*** Opening RECORDS SUPPLIED ***
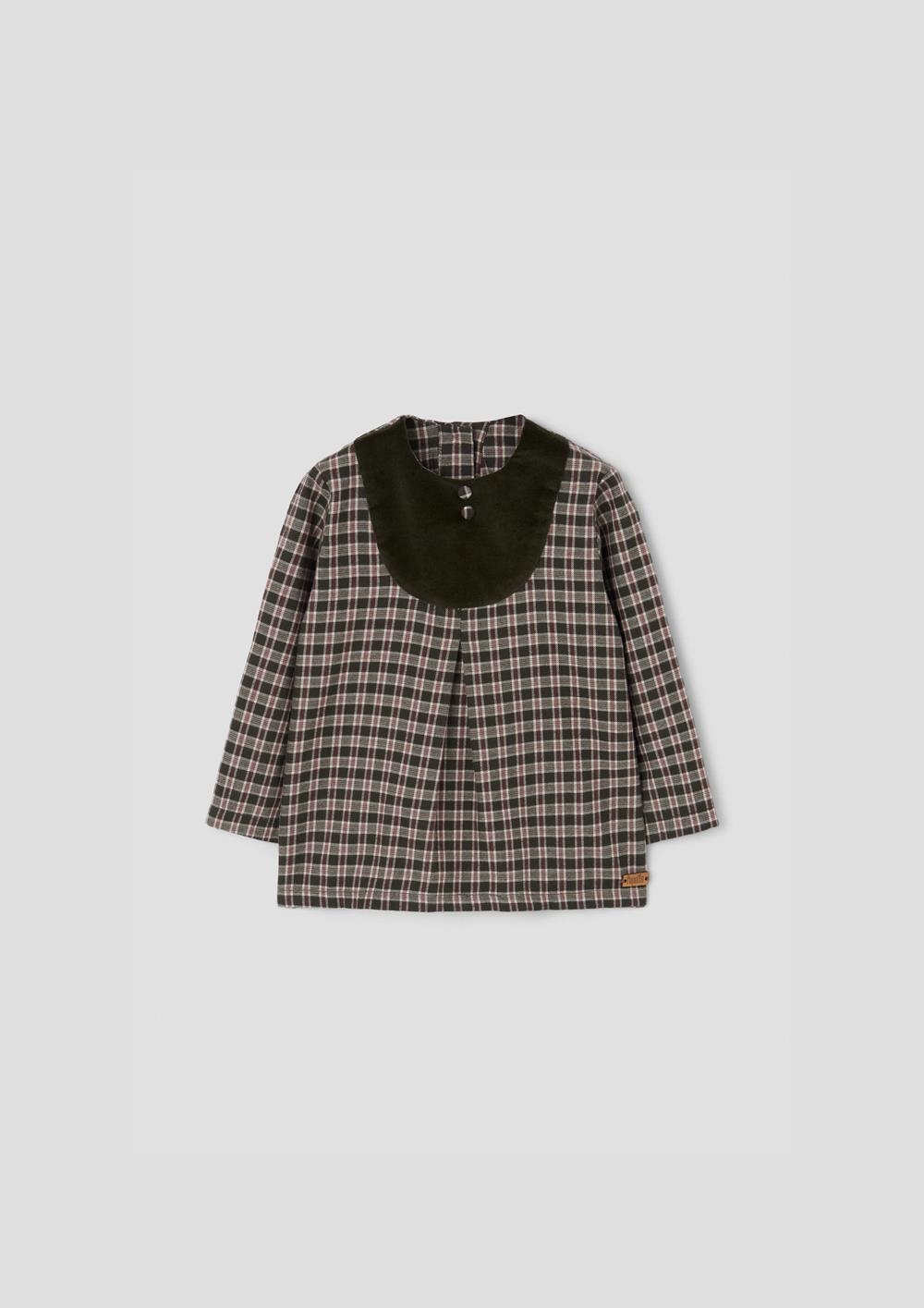 Mod.21.3 Green plaid yoke blouse | AW26.27 Mod.21.3 Green plaid yoke blouse
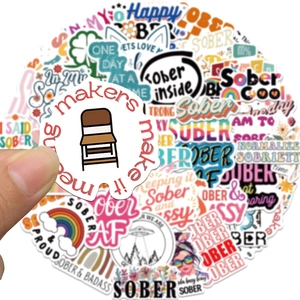 50 pieces of colorful Sober theme graffiti stickers for DIY laptop and luggage decoration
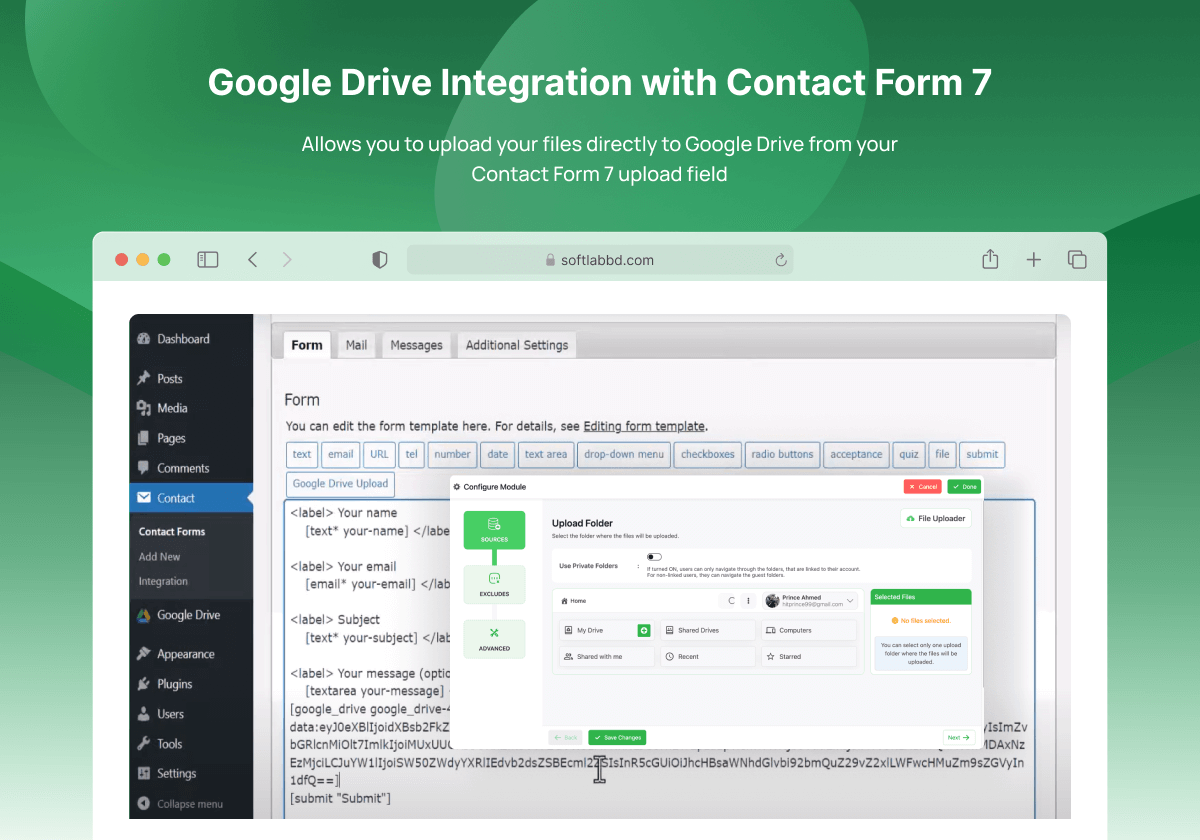 Google Drive Integration with Contact Form 7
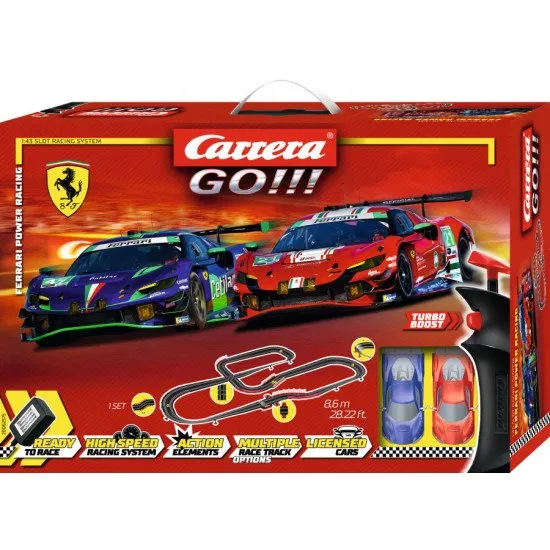 Carrera GO Ferrari Power Racing Autorennbahn mit Ferrari 296 GT3-Autos auf einer 8,6 m langen Strecke.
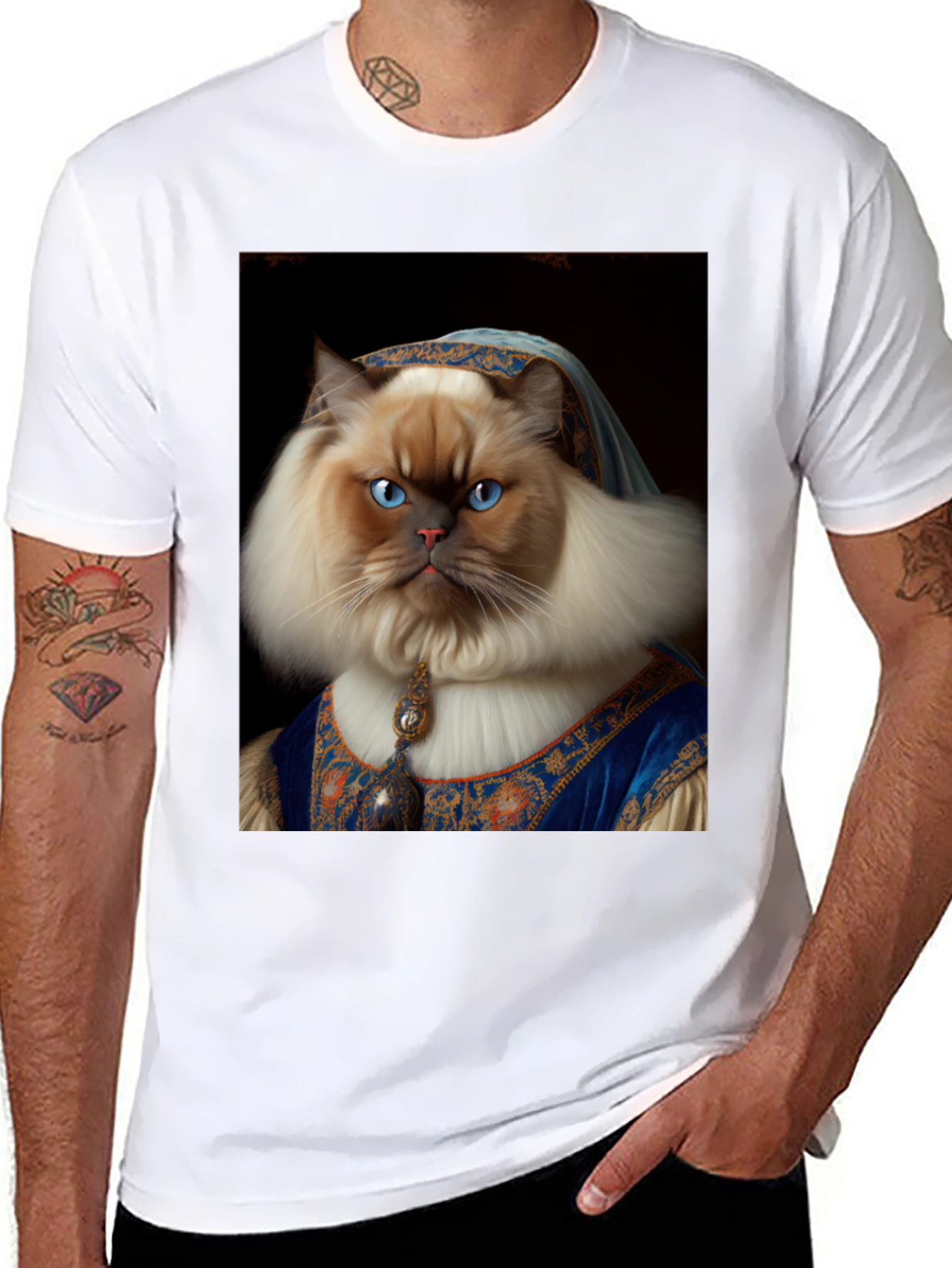 Cat Portrait T-Shirt - Renaissance Pet Tee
*** Closing RECORDS SUPPLIED ***
EXERCISE REQUIREMENTS:
Write all the lines above out again exactly, minus the images.

ANSWER FOR THIS EXERCISE:
 Mod.21.3 Green plaid yoke blouse | AW26.27 Mod.21.3 Green plaid yoke blouse
 50 pieces of colorful Sober theme graffiti stickers for DIY laptop and luggage decoration
 Google Drive Integration with Contact Form 7
 Carrera GO Ferrari Power Racing Autorennbahn mit Ferrari 296 GT3-Autos auf einer 8,6 m langen Strecke.
 Cat Portrait T-Shirt - Renaissance Pet Tee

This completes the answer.